On nous parle d’emplois. Soit. Un pays qui a besoin de 6 milliards saoudiens pour créer des postes dans le divertissement révèle surtout l’échec de sa propre économie productive et de sa capacité à valoriser ce qu’il a déjà. On nous parle d’attractivité. Soit. Mais attractivité pour qui, et au prix de quoi ? Quand on remplace un projet de légendes françaises par un univers de combat de super-Guerrier, on ne modernise pas. On signale que notre propre récit n’a plus assez de valeur marchande aux yeux de ceux qui nous gouvernent.

Macron n’a pas inventé la mondialisation culturelle. Il l’incarne avec un zèle particulier : celui de l’homme qui se croit au-dessus des attachements ordinaires, qui trouve provincial de défendre une identité forte, et qui préfère les deals spectaculaires aux racines silencieuses. Ce parc n’est pas une catastrophe en soi. C’est un symptôme. Un symptôme de plus d’une France traitée comme un territoire neutre, disponible pour les passions de ses dirigeants et les portefeuilles de leurs partenaires, plutôt que comme le produit d’une longue histoire qu’il faudrait transmettre, protéger et faire aimer.

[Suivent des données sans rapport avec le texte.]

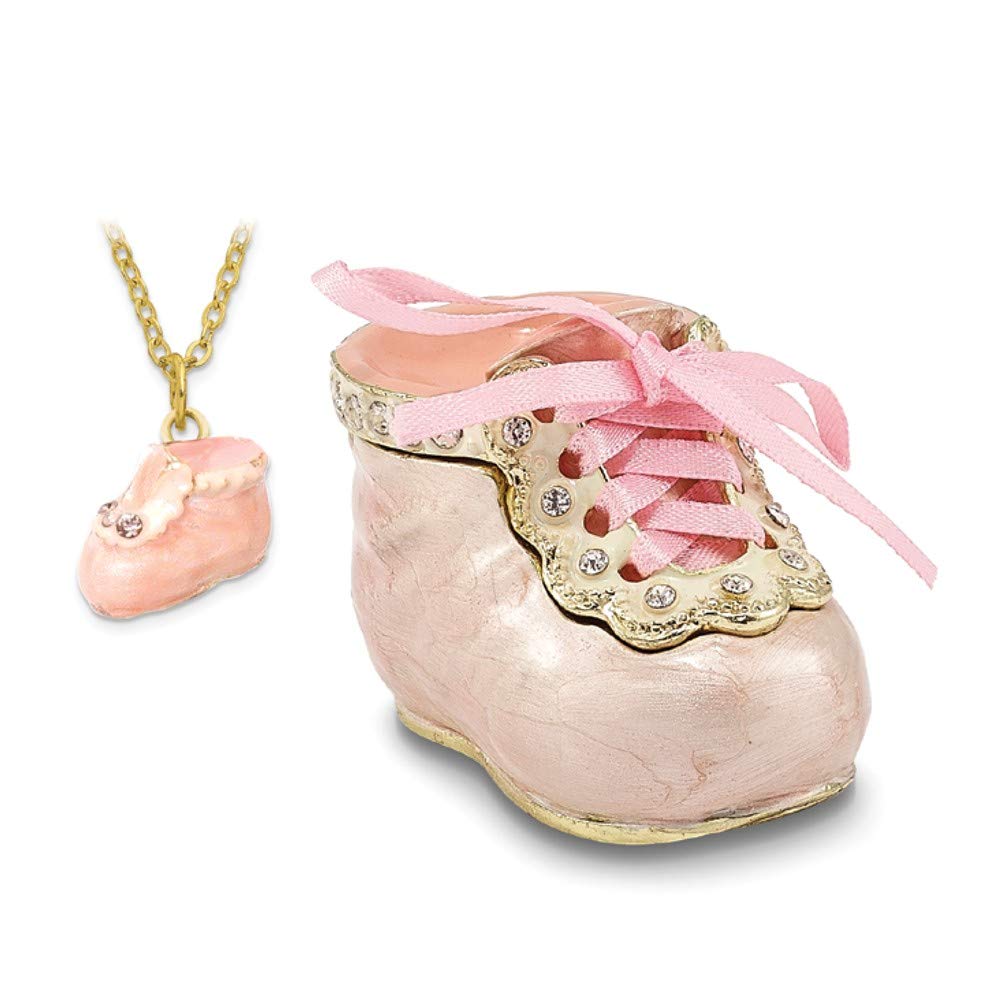 Sonia Jewels Pink Baby Bootie Trinket Box - 1.25 Inch Tiny Keepsake Box for Newborn Girls - Perfect for Baby Showers, Christening Gifts & Nursery Decor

La France n’a pas à avoir honte de ses légendes. Elle n’a pas à les céder pour un Kamehameha financé à Riyad. Ceux qui trouvent cela  progressiste  ou  ouvert  confondent ouverture et abdication. Une civilisation qui cesse de se raconter elle-même finit par se faire raconter par d’autres. Et à force de se faire raconter, elle disparaît.

Une consolation ? Si le projet va jusqu’au bout ce sera finalement la seule trace de la Macronie qui demeurera quelques décennies avant de tomber en ruines. Parce que Macron a eu beau islamiser la France, y attirer nombre de musulmans et migrants, qui l’aiment si peu qu’ils hantent nos prisons,  il ne pourra pas détruire la France éternelle ; les Gaulois veillent,  les amoureux de la France qui ont fui leurs pays -musulmans pour certains- ne sont pas prêts à se laisser manger la laine sur le dos.  Il faut l’espérer, il faut y croire.